Though a large Shire Horse from Jersey may seem an unusual mascot for such an organisation, Alan explained that there is a tight-knit history bringing the breed and the profession together.
"In 1535, Henry VIII passed an act of Parliament making it illegal to breed small horses - and that act of parliament in 1535 led to what we now have as the majestic heavy horses of today," Alan outlined.
"Originally the purpose of that was to breed horses that were larger for war, sadly, and to put knights on with armour and to put armour on the horses.
"But it's a pleasing legacy of that awful origin that we now have these beautiful horses that grow to our country."
He continued: "The Coopers started in 1501, so heavy horses starting a few years later gives them a rooted origin in history, and heavy horses are synonymous with pulling or pushing brewers' drays with wooden casks on."

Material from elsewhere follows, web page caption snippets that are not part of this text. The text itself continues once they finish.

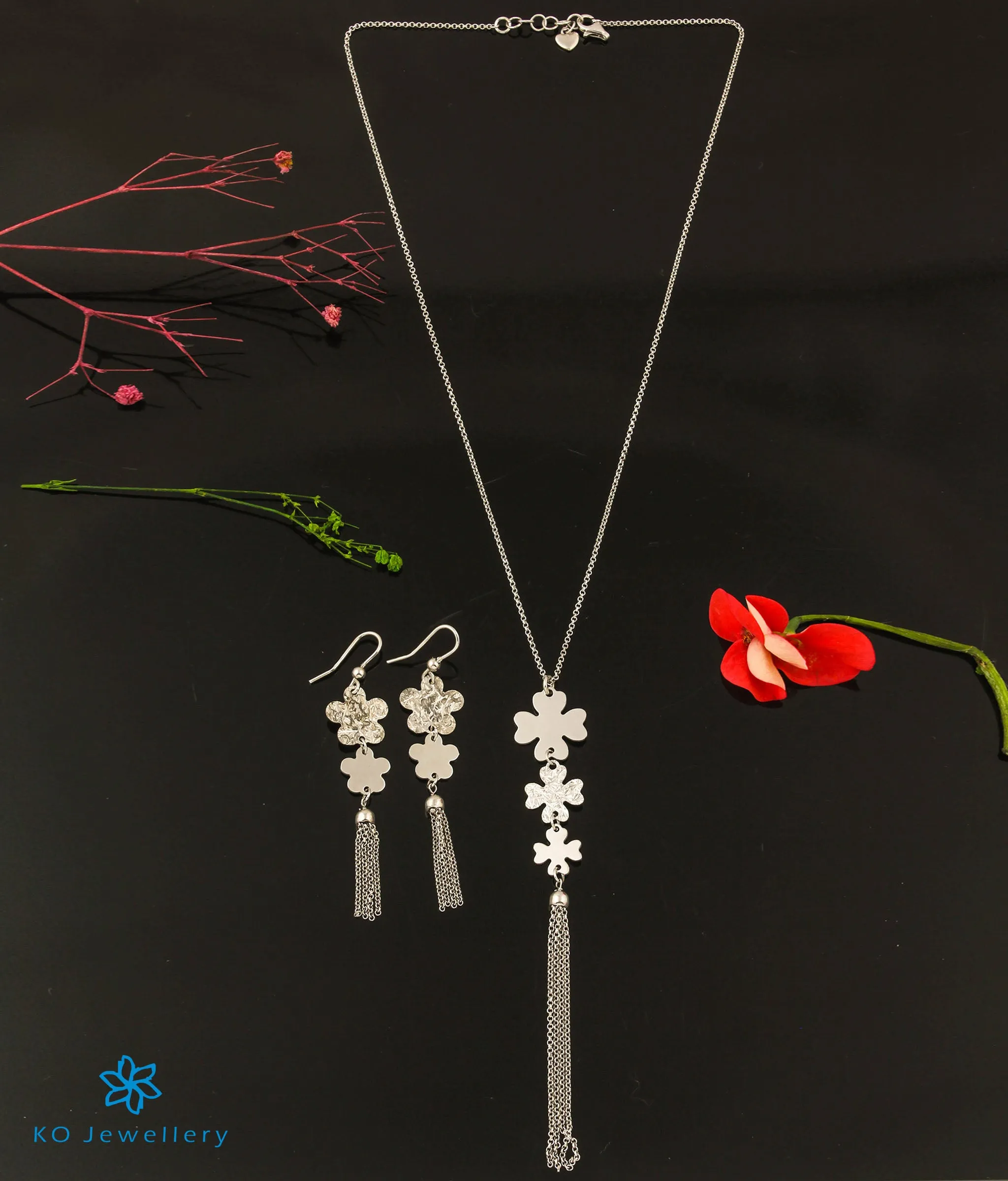 The Amoura Silver Necklace & Earrings
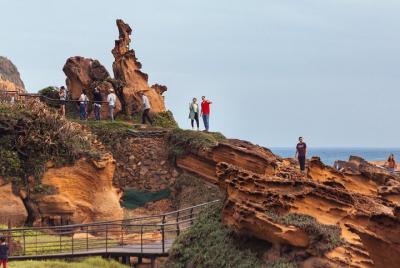 Tour privado Yehliu Geopark y visita a Jingshan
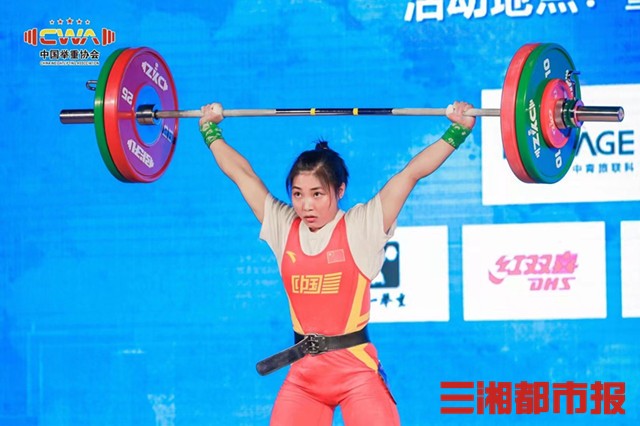 中国女子举重55公斤级张海琴,女子举重张海琴多大了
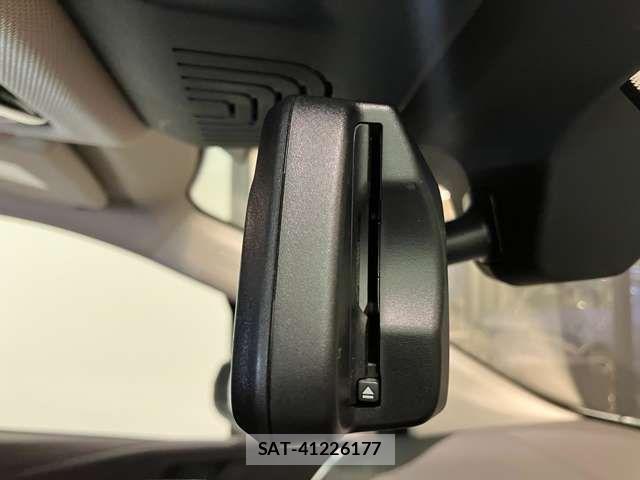 Bmw 2 SERIES 2022-10 7215226-9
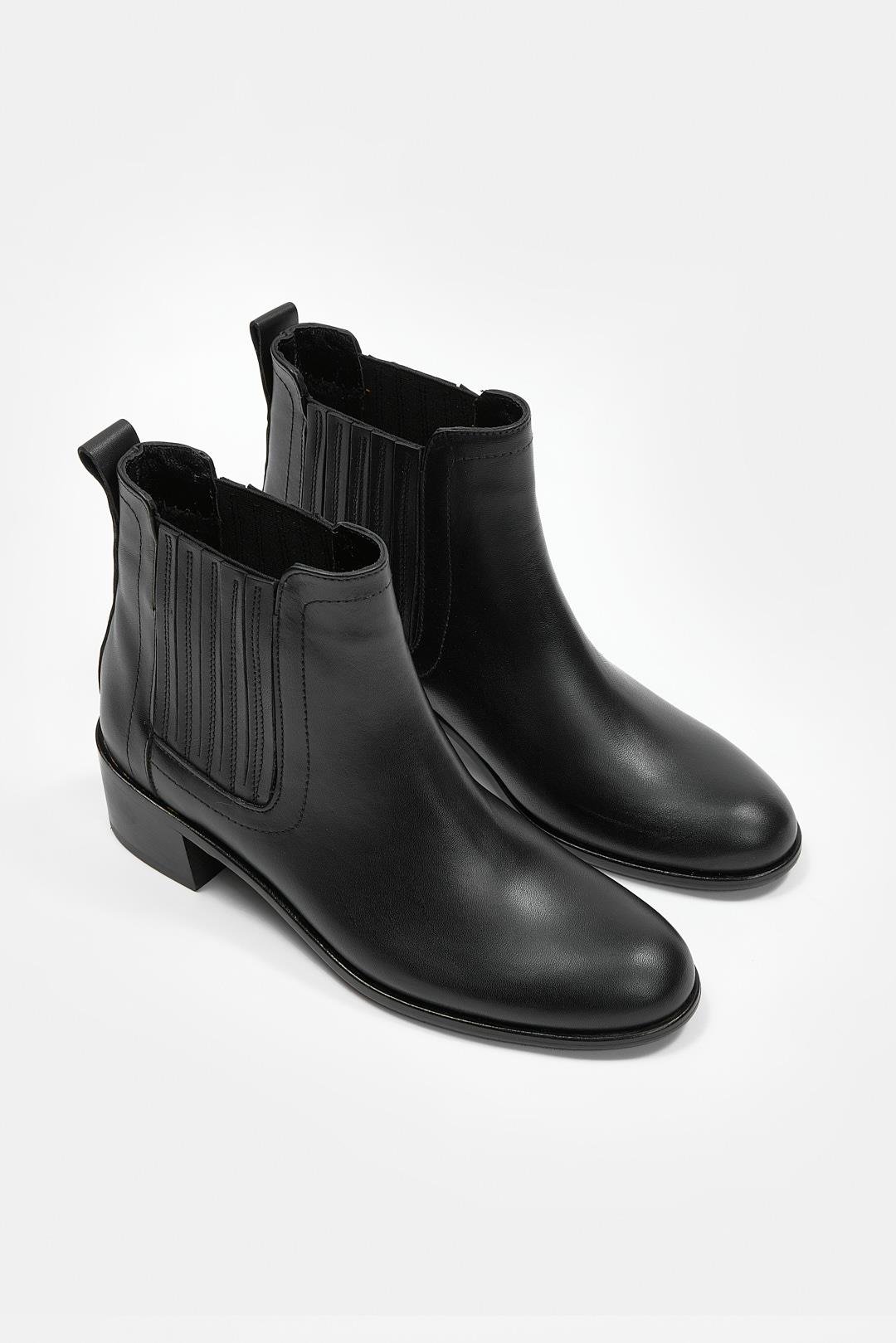 Milazzo Siyah Hakiki Deri Kısa Topuklu Bot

He added that sadly, Ajax's Shore Horse breed is endangered, similar to how there are now a very limited number of Coopers out there in the world.
"So the shire breed is a very natural ambassador as a mascot for a company like the Coopers," he observed.
Pictured: Ajax has barrels on both sides as a symbol of his association with coopers.
Indeed, as part of his distinctive look, Ajax sports either the Coopers Company colours on his saddlecloth or has two wooden casks or wooden barrels mounted on other side of him.
The past month's activities have seen Ajax visit a school, pay a visit to the Tower of London, attending a drinks party, as well as parading in front of the HMS Belfast, raising awareness for his endangered breed.
He also spent a week staying at Knightsbridge Barracks - the only household cavalry that has ceremonial heavy horses now in Britain, and riding through Hyde Park to Horseguards Parade with the barrack drum horses, a ceremony Alan described as "a fine piece of riding from Ajax."
He then moved out of London and into the Cotswolds later in the month, staying with traditional brewery Hook Norton, joining their four shire horses in delivering kegs of beer and doing ambassador work.
Then, over the past weekend, he has visited RAF Brize Norton and the RAF 99 Squadron - who recently acted as one of the major participants in the evacuation of Kabul - as the Coopers are affiliated with the squadron.
Pictured: A timeline of Ajax's adventures around the country.
Speaking about why Ajax has been such a good ambassador over the past four years, and has been able to go on so many adventures, Alan put it down to his calm breed.
"He lives in a field in Jersey, a very quiet environment and within twenty four hours he's in the City of London - and not many horses can take that sort of transition, yet he can and then be ridden or walk out or then be moved again," he said.
Though he added Ajax does not travel much, as it is not good to move a horse around a great deal, he did note that "the reason that we've had such an enjoyable journey through life together is because he is calm", referring to Ajax as a "gentle giant."
"That's what we've done over 10 years together, and he seems to have a ready fan club whenever he goes, so I can see more years to come hopefully!"